How much vertical content do we need before it is worth launching a vertical surface?
A minimum viable vertical library is approximately 20-30 pieces of distinct content before a dedicated vertical surface is worth surfacing to users. Below this threshold, the feed runs out of content within a short session, and the experience feels broken. If you have fewer than 20 vertical pieces, integrate them as a single shelf row on the home screen rather than a dedicated tab or surface. Launch the dedicated surface when the library depth can sustain at least 3-5 sessions without repetition for an average user.
What is the right monetization model for vertical content on a mixed-format OTT platform?
Ad-supported free access is the primary model for vertical (pre/post-roll only). Use coin unlock for premium vertical series arcs. In a mixed content format context, the strategic value of vertical is as a discovery funnel: a user who watches three vertical episodes of a drama is a high-conversion candidate for the full horizontal series on subscription. The cross-format conversion is the primary revenue value of the vertical library.
What platform architecture is required for mixed content formats at scale?

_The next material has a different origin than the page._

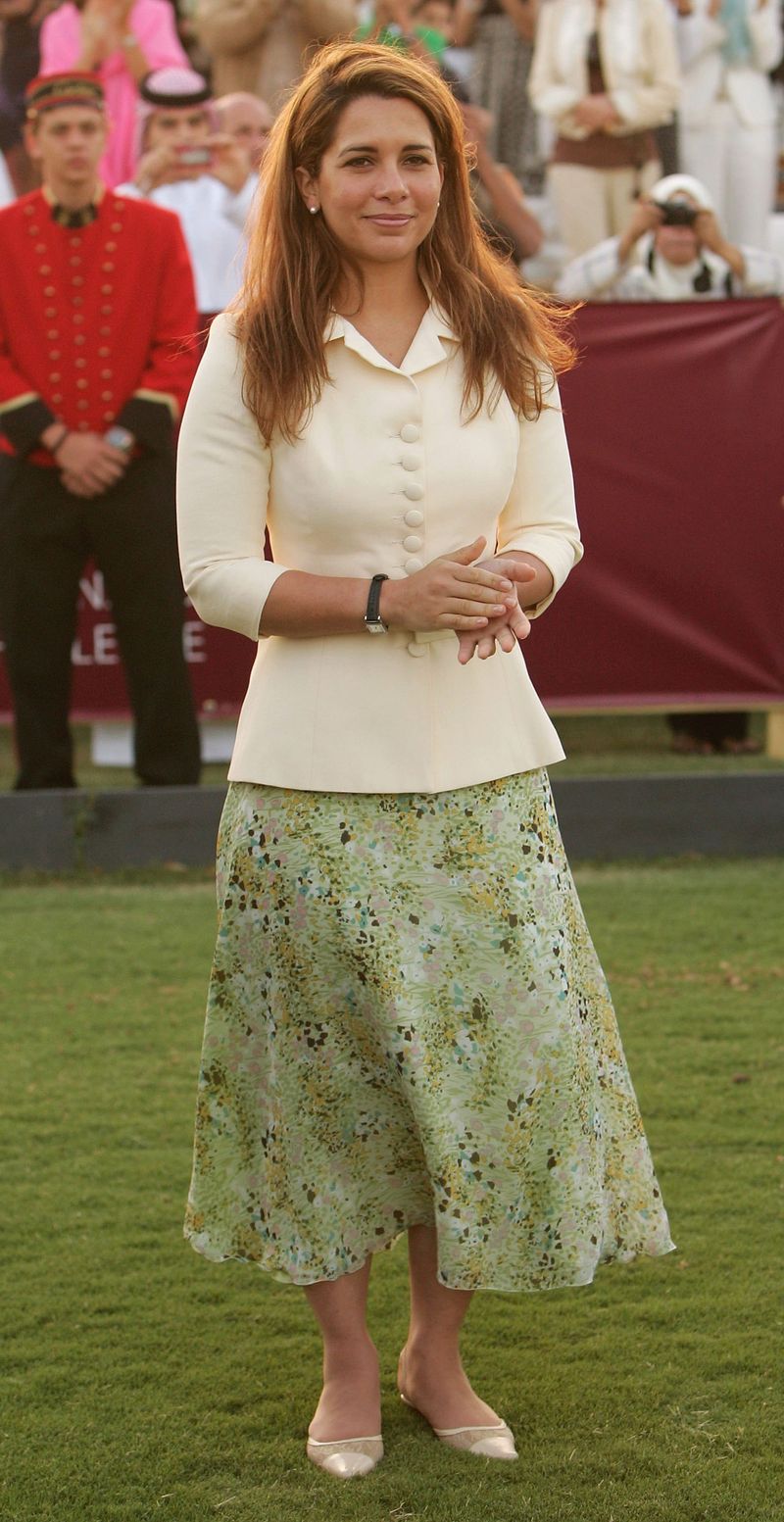 Dubai ruler wife Princess Haya paid Brit bodyguard lover 12 crore rs to keep their affair quiet pod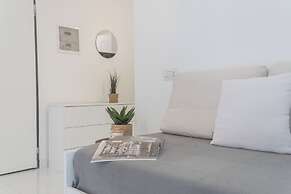 Luce Apartment by Rent all Como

At minimum: a format-aware player SDK (single player, not two), format-tagged content pipelines with separate transcode profiles, dual thumbnail generation, format-segmented analytics, and configurable monetization rules per format. A white-label platform with customization capacity supports all of these as configuration decisions. A rigid SaaS platform requires workarounds at each layer, and those workarounds accumulate into an experience that feels unfinished in at least one format.